Fantasmas sobre Europa

Jesús Villaverde Sánchez
OchoQuinceMag
Published in
6 min readJan 21, 2020

ATENCIÓN: Este análisis contiene spoilers sobre la quinta temporada de ‘Peaky Blinders’.

Entonces era muy difícil saberlo, pero, ocasionalmente, la Historia se guarda ciertas correspondencias y relatos subrepticios que solo conseguimos comprender cuando ya es pasado. De esta forma, era imposible saber, aquel martes, 29 de octubre de 1929, que el crac de las cotizaciones bursátiles de Nueva York –la capital del nuevo continente– iba a ser uno de los desencadenantes lejanos del auge del fascismo en la vieja Europa. Tan lejos y tan cerca. No es casualidad, por lo tanto, ni mucho menos, que la quinta temporada de Peaky Blinders, que se centra en el ascenso de los fascismos en el viejo continente, comience con el Martes negro y las consecuencias en las finanzas de los Shelby, como escalada alegoría de lo que ocurrió aquella noche a las grandes fortunas del mundo.

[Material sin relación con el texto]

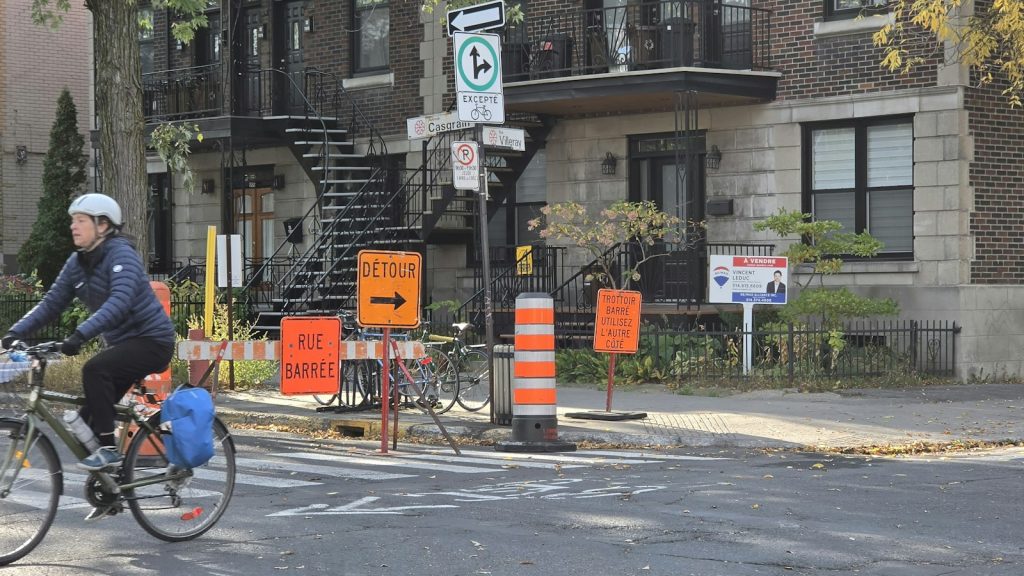 Cyclist passing French-language roadwork signs on a Montréal street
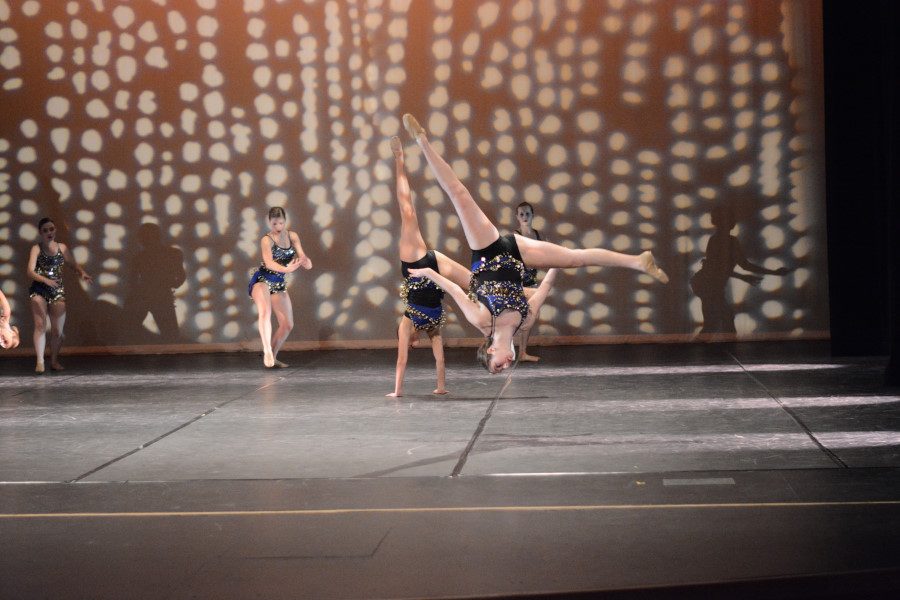 Sloan Goldfader (10) of Advanced Dance Production does an aerial during the opening piece of the second act.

Esa pérdida de capital abre una brecha en el seno de los Shelby, cuyo miembro más joven, Michael, se encarga de las inversiones en bolsa de sus allegados desde Boston. Tanto es así, que en un intento de emular a las sagas mafiosas como El padrino, con un Tommy Shelby que cada día guarda más semejanzas con el Michael Corleone de Al Pacino y que, como era de esperar, ve un rival potencial en el hijo de Polly, más aún cuando su tenacidad y su desobediencia (Tom le había dicho que retirase las inversiones justo antes del crac) llevan a su familia a una aparente quiebra. Así lo reconoce el protagonista cuando su hermano Arthur le pregunta por qué no puede dormir: “Cuando duermo, sueño. Y cuando sueño, alguien quiere mi corona. Creo que puede ser Michael”.

Gina (Anya Taylor-Joy) llega con Michael (Finn Cole) y despierta las suspicacias de Tommy y el resto de la familia Shelby.

Sobre esa desconfianza, aumentada con la aparición de la nueva prometida del joven Michael, Gina (una Anya Taylor-Joy genial desde la sobriedad), que parece albergar ciertas esperanzas y ambiciones sobre su futuro marido en la compañía. No obstante, más allá de ese duelo interno, la quinta entrega de Peaky Blinders se ha apoyado en la Historia para hacer crecer su relato. Desde los primeros compases, en los que vemos como Tommy es ahora un diputado en la Cámara de los Comunes, la irrupción de la figura de Oswald Mosley alerta de las derivas políticas que va a tomar la producción de BBC. Steven Knight y Anthony Byrne, creador y director de la temporada respectivamente, ficcionan una efigie histórica real para ofrecer una mirada hacia las arenas movedizas en las que se convirtió el subsuelo político en los primeros años treinta. Oswald Mosley fue una figura controvertida que, desde la sombra del capitalismo, fundó el movimiento British Union of Fascists (BUF), al que se hace mención en la trama, y contra el que Tommy Shelby, de ideas socialistas y origen obrero, se plantea luchar desde dentro. Peaky Blinders nos muestra a Mosley como lo que fue: un tipo de buena planta y modales de cara a la galería que soñaba con liderar un Reich en suelo inglés y convertirse en el Führer británico. Su aspecto se asemejaba bastante a lo que en España podía ser el fundador de Falange Española, José Antonio Primo de Rivera. En ocasiones, la pulcritud y el buen aspecto son las mejores herramientas para esconder a un criminal.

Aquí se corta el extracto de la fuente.